The principals of both companies agreed that any wholesale chemicals supplied by ESP to the Target and invoiced during this period would be deducted from the cash portion of the transaction at closing. During the period from July 22, 2008 through December 29, 2008, ESP supplied the Target with $202,192 of wholesale chemicals and storage equipment tanks. During this period, the price of oil declined from $143 per barrel to below $35 per barrel. The decline in oil product pricing caused several of the clients for the Target and ESP to scale back their use of petrochemicals at their field locations. This event hampered the ability of ESP to raise additional equity funds through the sale of securities of the company. Discussions between the principals of the Target and ESP continued and a letter of intent outlining the terms and conditions of a purchase of the Target was executed in February 2009. At the time of signing of the LOI, ESP anticipated the sale of company securities to raise approximately $1,000,000 in new equity for the company. To date, we have not been successful in the capital raise. The LOI with the Target has been extended indefinitely in anticipation of a successful equity raise by ESP. During the three months ended March 31, 2009, ESP provided an additional $22,188 of wholesale chemicals to the Target. The LOI with the Target provides that in the event that a transaction is not completed, the Target would begin making payments on the outstanding invoices and an interest rate of 5% per annum would be added to the outstanding receivable until paid.
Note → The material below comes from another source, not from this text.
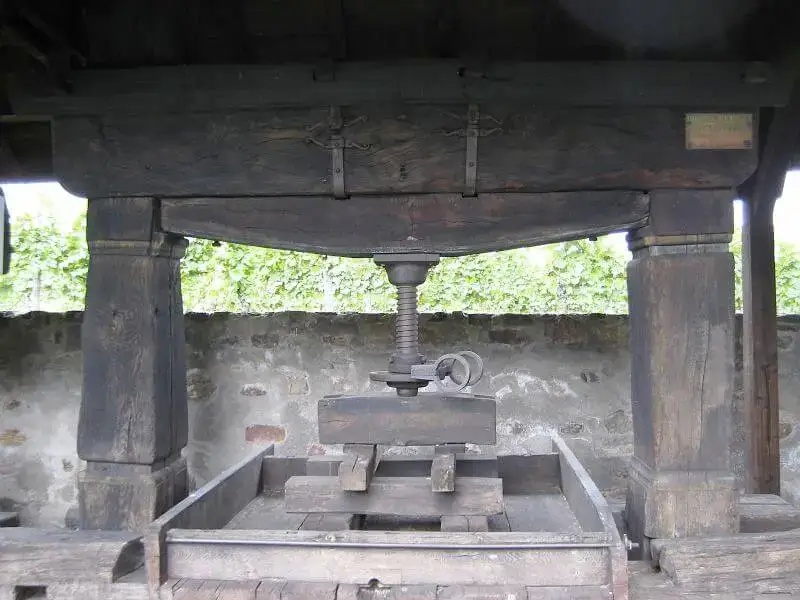  – SRAML Food Processing Equipment Specialists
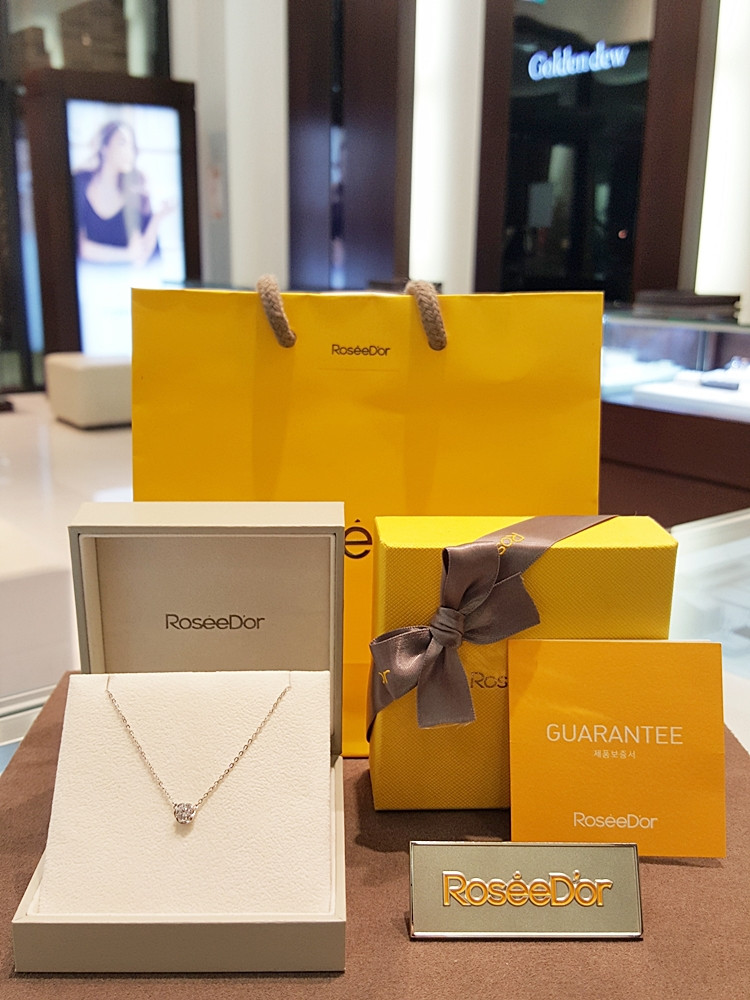 Golddude Rosette White Cubic Necklace-WNF2-B-0167-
ESP and the Target have agreed verbally that the purchase of the Target business will no longer have a hard cash component, and will now consist of all of the outstanding invoices and amounts due ESP as the cash portion of the final negotiated purchase price plus ESP stock to fulfill the remainder of the total purchase price. We anticipate closing the transaction during the first quarter of 2010.

Concentrations

The Company has three major customers that together account for 31% of accounts receivable at March 31, 2009 and three major customers that together account for 64% of the total revenues earned for the three months ended March 31, 2009.

    Accounts        
    receivable     Revenue  
Customer A   16%     37%  
Customer B   6%     13%  
Customer C   9%     14%  
    31%     64%  

The Company has a published agreed upon price for Customer A which is reviewed and revised annually. Currently, approval of proposed price increases are pending for this customer, thus the first quarter sales have been recorded at the 2008 prices.

The Company has three vendors that accounted for 60% of purchases and 33% of the ending accounts payable at March 31, 2009.

    Accounts        
    Payable        
          Purchases  
Customer A   15%     34%  
Customer B   12%     16%  
Customer C   6%     10%  
    33%     60%  

Impairment

Unevaluated properties which are excluded from amortization are assessed at least annually to ascertain whether impairment has occurred. Unevaluated properties whose costs are individually significant shall be assessed individually. Where it is not practicable to individually assess the amount of impairment of properties for which costs are not individually significant, such properties may be grouped for purposes of assessing impairment. Management considers the following factors in assessing properties for impairment:

Impairment may be estimated by applying factors based on historical experience and other data such as primary lease terms of the properties, average holding periods of unproved properties, and geographic and geologic data to groupings of individually insignificant properties and projects. The amount of impairment assessed under either of these methods shall be added to the costs to be amortized. In addition, management assesses the availability of financing on commercially viable terms in order to finance the development of the property. The Company individually evaluated the Block 83 and 84 Project and the Baker 80 Lease. These are the only unevaluated properties owned by the Company; therefore, no properties were evaluated as a group.

At March 31, 2009, the Company determined that there was no impairment of its investments in unevaluated properties.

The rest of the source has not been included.